There are at least 2 possible reasons why we were able to observe a greater prevalence of visual influences in auditory cortex than in previous studies in other species. First, the use of multielectrode recording arrays allowed us to sample large numbers of units in a relatively unbiased fashion within a single animal. Second, instead of simply comparing the number of spikes evoked by different stimuli, as all previous studies of multisensory processing have done, we estimated the information transmitted by the units about the type of stimulus presented. Although the multisensory responses of individual units were often classified in the same manner (i.e., as super-additive, additive, or subadditive), the MI estimates were more sensitive. This is most likely because the MI analysis takes into account spike timing as well as spike count. Indeed, by comparing the relative amounts of information in 2 reduced measures of the spike train, the spike count, and the mean response latency, we were able to show that the majority of units transmit more information in the timing of their responses than in the overall spike counts. This was particularly the case for stimuli that, in terms of a change in firing rate, were weakly effective. Thus, the quantification of responses to multisensory stimuli needs to take into account not only the number of spikes evoked by different stimuli (Stanford et al. 2005) but also at least a coarse measure of the timing of those spikes.

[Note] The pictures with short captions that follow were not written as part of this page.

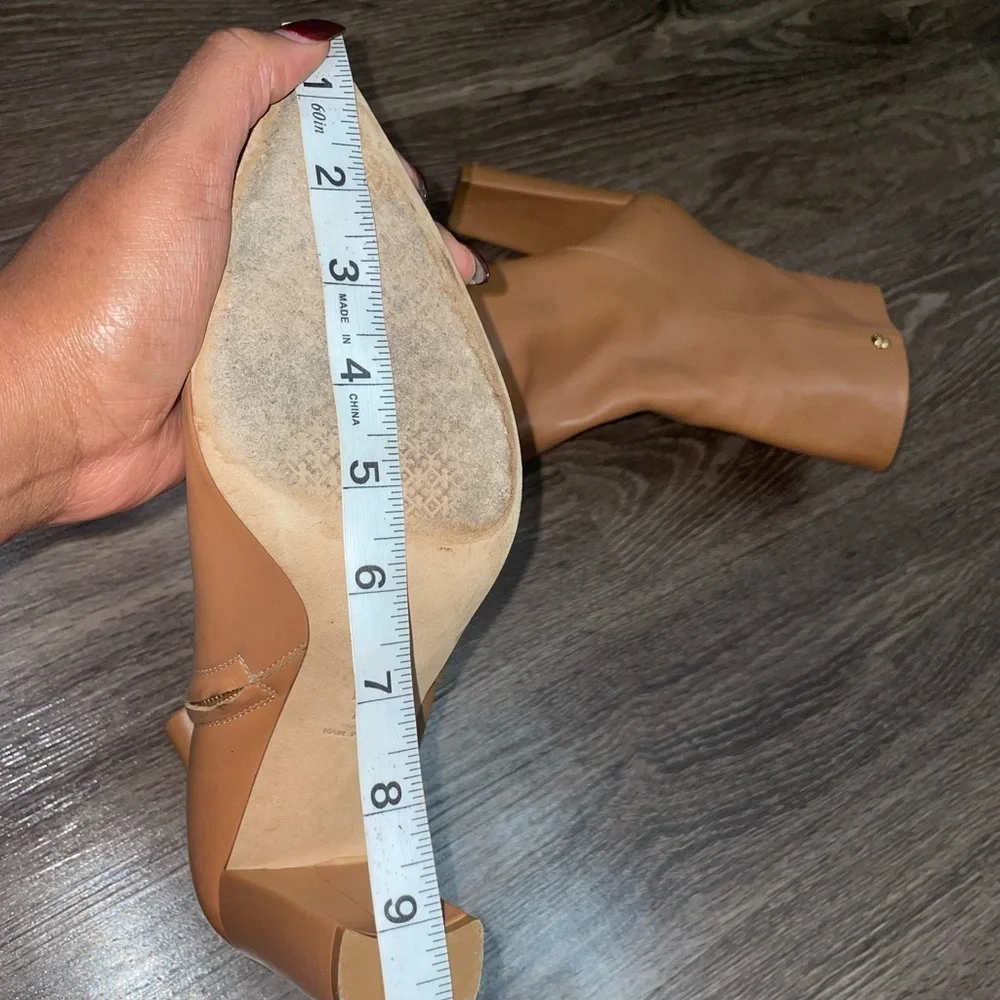Tory Burch Womens Penelope Leather Ankle Pointed Toe Booties Tan Brown 10.5
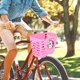 thumbnail image 2 of Fyearfly Cesta de la Bici, Tenedor de Compras del Ciclo de la Bici de la Cesta Delantera Linda de la Vespa de la Bicicleta al Aire Libre para los niños de los niños(Rosado), 2 of 5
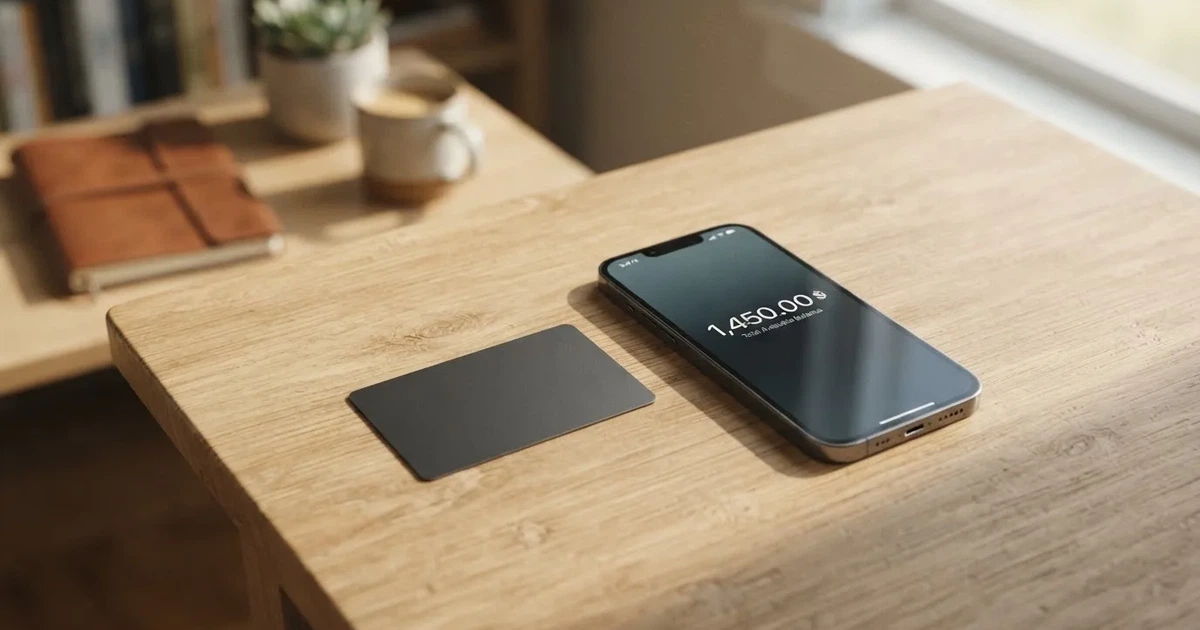 Several payment cards fanned out next to a phone with a crypto wallet app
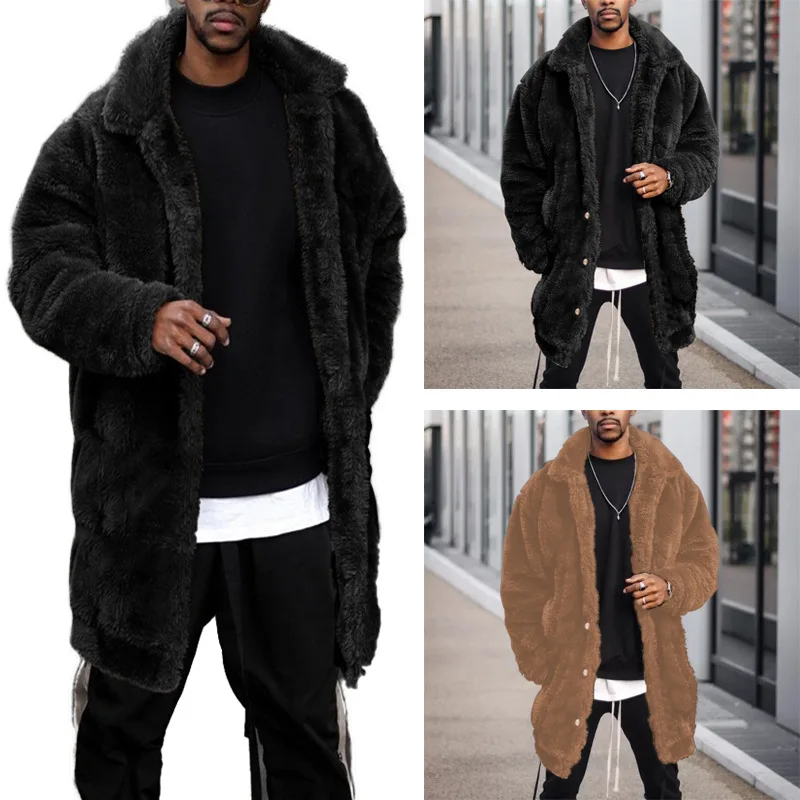 

Clothing European And American Independent Station Foreign Trade Autumn Winter Loose Plush Warm Men's Long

Some of the clearest evidence for responses in auditory cortex to visual and somatosensory stimuli has come from studies in which local field potentials and/or multiunit activity have been measured (Schroeder et al. 2001; Schroeder and Foxe 2002; Fu et al. 2003; Ghazanfar et al. 2005). Although these recording methods are useful for detecting the presence of sparsely distributed neurons or, in the case of local field potentials, for examining laminar variations in neuronal stimulus processing, single-unit recordings are required in order to probe the inputs to and integrative properties of individual neurons. By using this approach, we can conclude that we did indeed record from units with converging visual and auditory inputs, rather than from closely intermingled unisensory neurons. This also facilitated an examination of the other response characteristics of the units. Neurons whose activity was modulated by visual stimuli usually exhibited frequency-tuning properties that were characteristic of the cortical fields in which they were located, further supporting the claim that multisen-sory integration is a general feature of the auditory cortex.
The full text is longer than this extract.